This information includes Hurricane Surge Inundation areas for category 1 through 4 hurricanes striking the coast of Connecticut with a peak hurricane surge arriving at high mean water. The hurricane surge elevation data used to define these areas were calculated by the National Hurricane Center using the Sea Lake and Overland Surge from Hurricanes (SLOSH) Model. The SLOSH model hurricane surge elevations have an accuracy of +/- 20 percent. The hurricane surge inundation areas depict the inundation that can be expected to result from a worst case combination of hurricane landfall location, forward speed, and direction for each hurricane category. For additional documentation including a description of the map legend, refer to the CT ECO Complete Resource Guide for Hurricane Surge Inundation.

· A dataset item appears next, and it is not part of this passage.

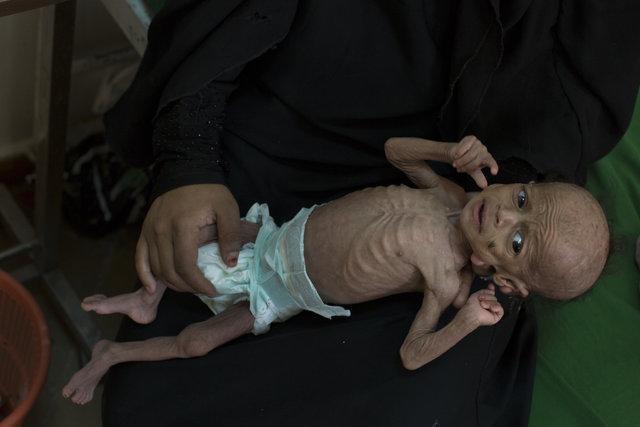 10 میلیون یمنی در یک قدمی گرسنگی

Hurricane Surge Inundation area data are developed to assist federal, state and local emergency management officials planning for and responding to hurricanes.

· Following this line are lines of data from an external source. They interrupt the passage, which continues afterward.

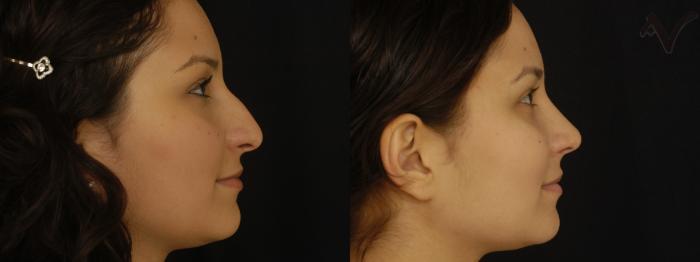 Before & After Rhinoplasty Case 299 Right Side View in Los Angeles, CA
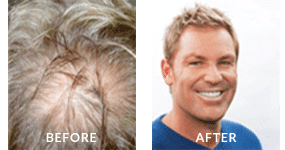 Shane Warne Before After Hair Loss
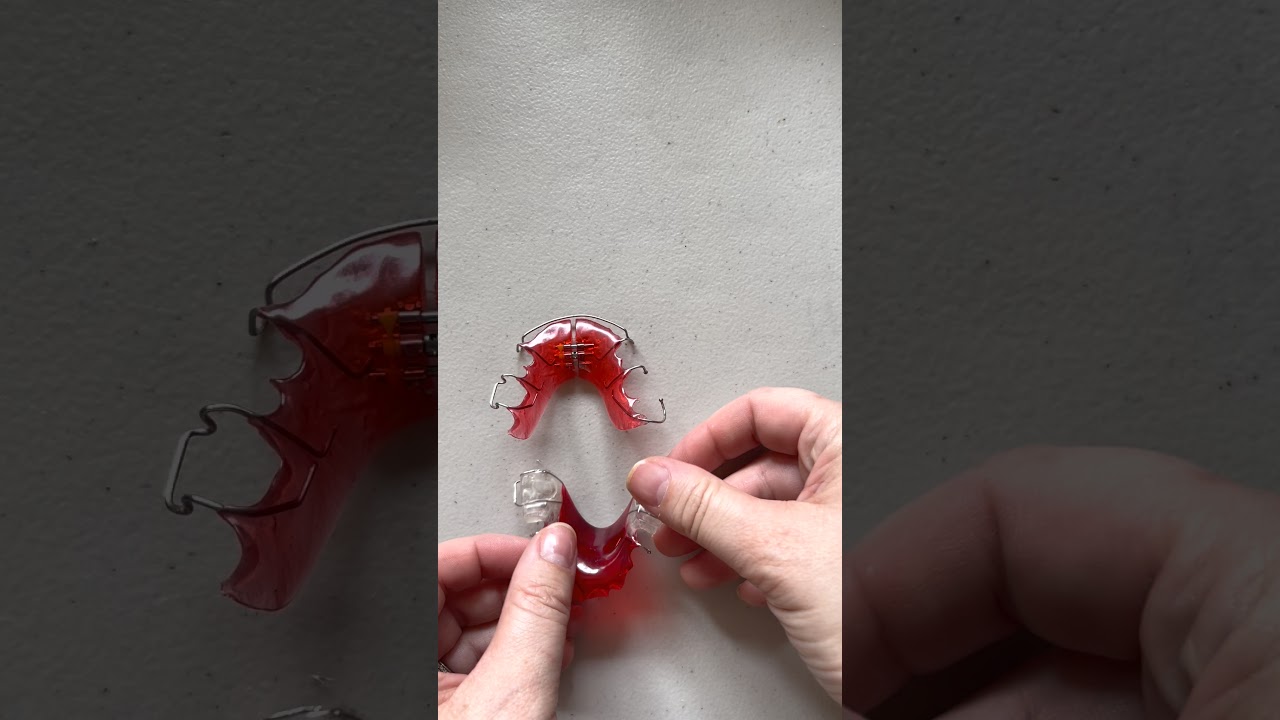 Posterior Bite Plates / RPE/ Expander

The Sea, Lake, and Overland Surges from Hurricanes (SLOSH) model was developed by the National Weather Service to calculate potential surge heights from hurricanes. The SLOSH models for Connecticut were run by the Storm Surge Group, National Hurricane Center, National Centers for Environmental Prediction, National Oceanic and Atmospheric Administration, Miami Florida. The SLOSH model calculates the hurricane surge elevation that would result from over 500 combinations of hurricane category, landfall location, forward speed, and direction. Hurricane surge elevations were determined by the National Hurricane Center using the NY2 and PVD SLOSH model basins, and assumed peak hurricane surge arriving at mean high water.
Users should recognize that there are accuracy limitations inherent to each of the data sources used to create maps that depict the hurricane surge inundation areas. The SLOSH model hurricane surge elevations have an accuracy of +/- 20 percent. The vertical accuracy of all LiDAR elevation data is approximately +/- 1 foot, and the horizontal accuracy is approximately +/- 3 feet. When displayed in the background for reference, the river, stream, lake and pond features included in the hydrography data from the Connecticut Department of Environmental Protection are only suitable for mapping at scales not more detailed than 1:24,000 scale (1 inch = 2,000 ft). The horizontal (positional) accuracy of the shoreline shown for hydrography features is less accurate than the horizontal accuracy of the LiDAR elevation data used to generate hurricane surge inundation areas so discrepancies exist when these are both shown together on a map. Also, similar discrepancies can be expected to occur even between more horizontally accurate street and orthophotography data and the hurricane surge inundation areas.
Therefore, the maps should be used as a general guide, rather than an absolute representation, as to which areas can expect to be inundated (flooded) by worst-case hurricane storm surge for a particular hurricane category. In addition, users should note that there may be areas that are not shown to be inundated by hurricane surge, but are in fact surrounded by hurricane surge. Those areas may become isolated by hurricane surge.